→ What this task involves
Print exactly the lines from the one that contains "Mobile Home in" through the last line of the material, both included, and leave out all pictures.

╭─ Data for processing

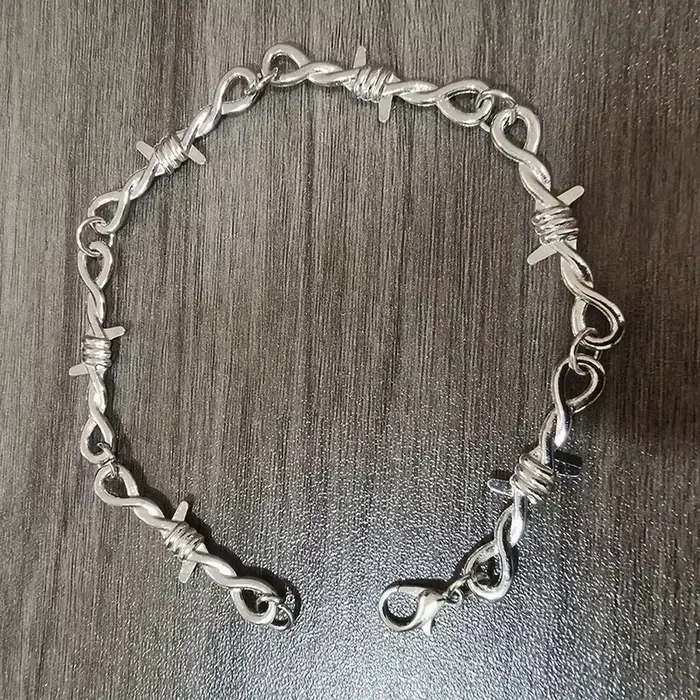 Hip-hop gothique Punk petit fil ronces fer unisexe tour de cou Bracelet femmes Style fil de fer barbelé petites épines Bracelet tour de cou cadeaux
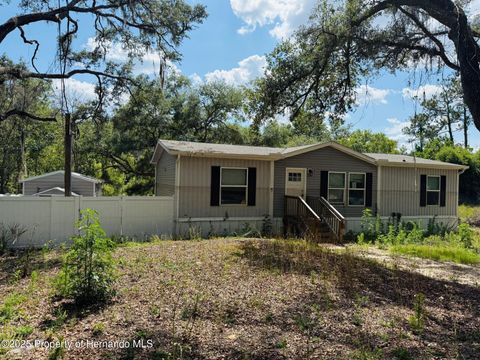 Mobile Home in Dade City FL 4319 Pocahontas Drive.jpg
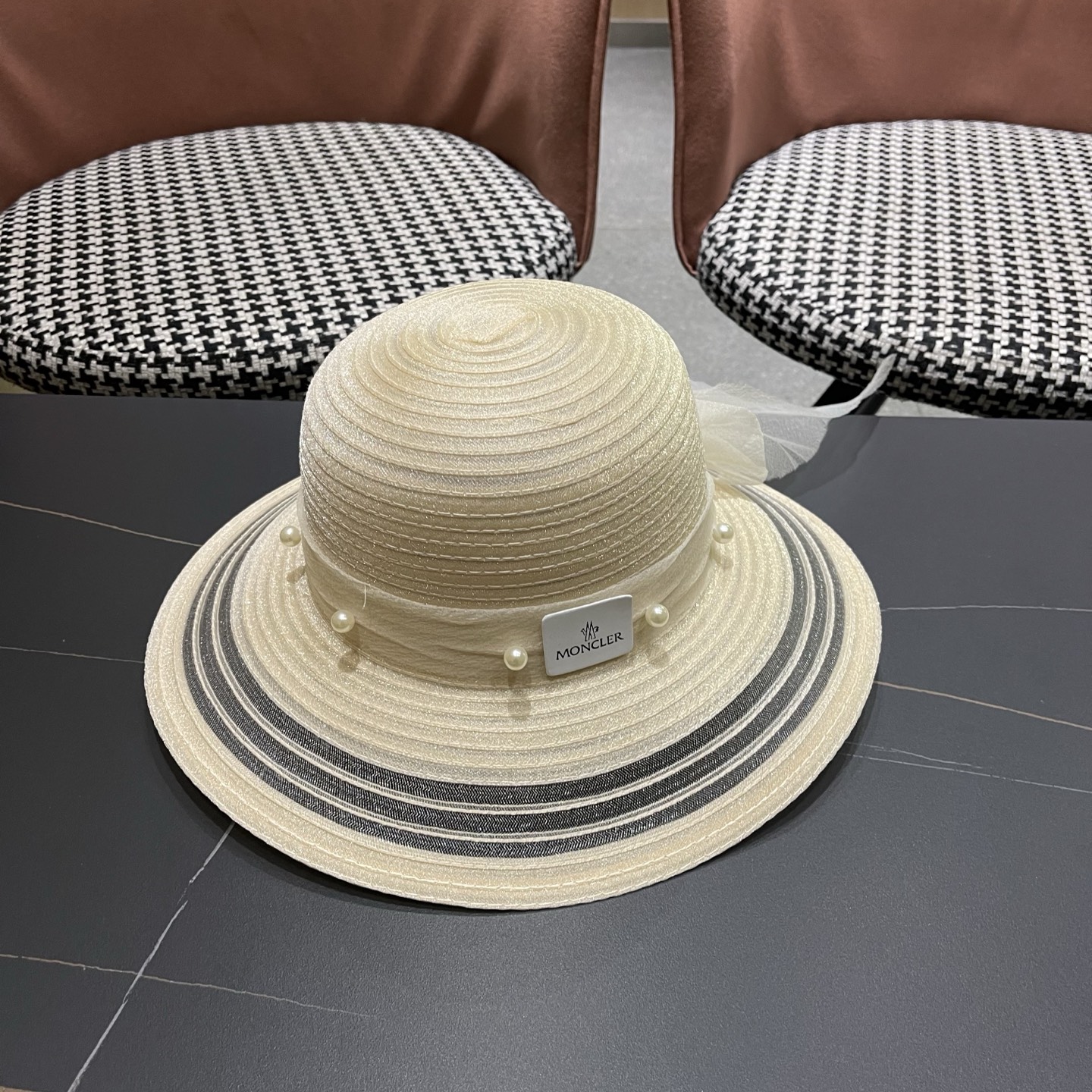 MONCLER（蒙口）赫本风草帽女夏季珍珠蝴蝶结网纱渔夫帽欧根纱太阳帽大檐防晒帽子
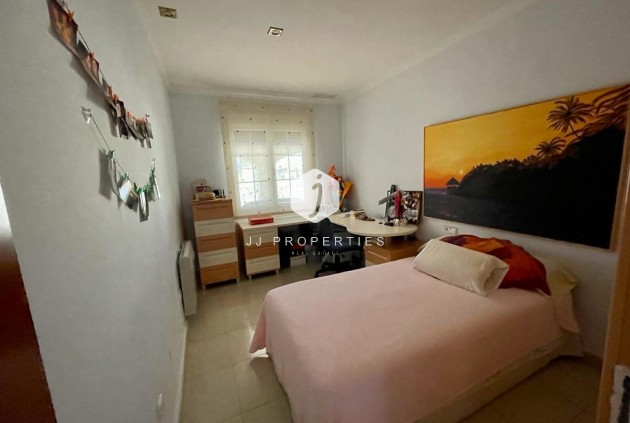 Tweedehands - Villa -
Albatera - Inland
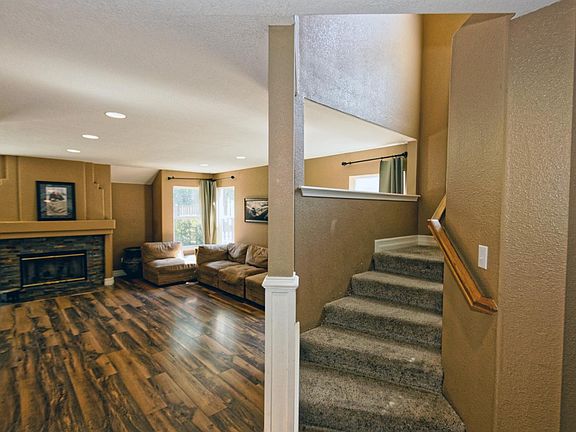 5th image of 1060 Sage Hill Dr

╰─

→ Result for this exercise
 Mobile Home in Dade City FL 4319 Pocahontas Drive.jpg
 MONCLER（蒙口）赫本风草帽女夏季珍珠蝴蝶结网纱渔夫帽欧根纱太阳帽大檐防晒帽子
 Tweedehands - Villa -
Albatera - Inland
 5th image of 1060 Sage Hill Dr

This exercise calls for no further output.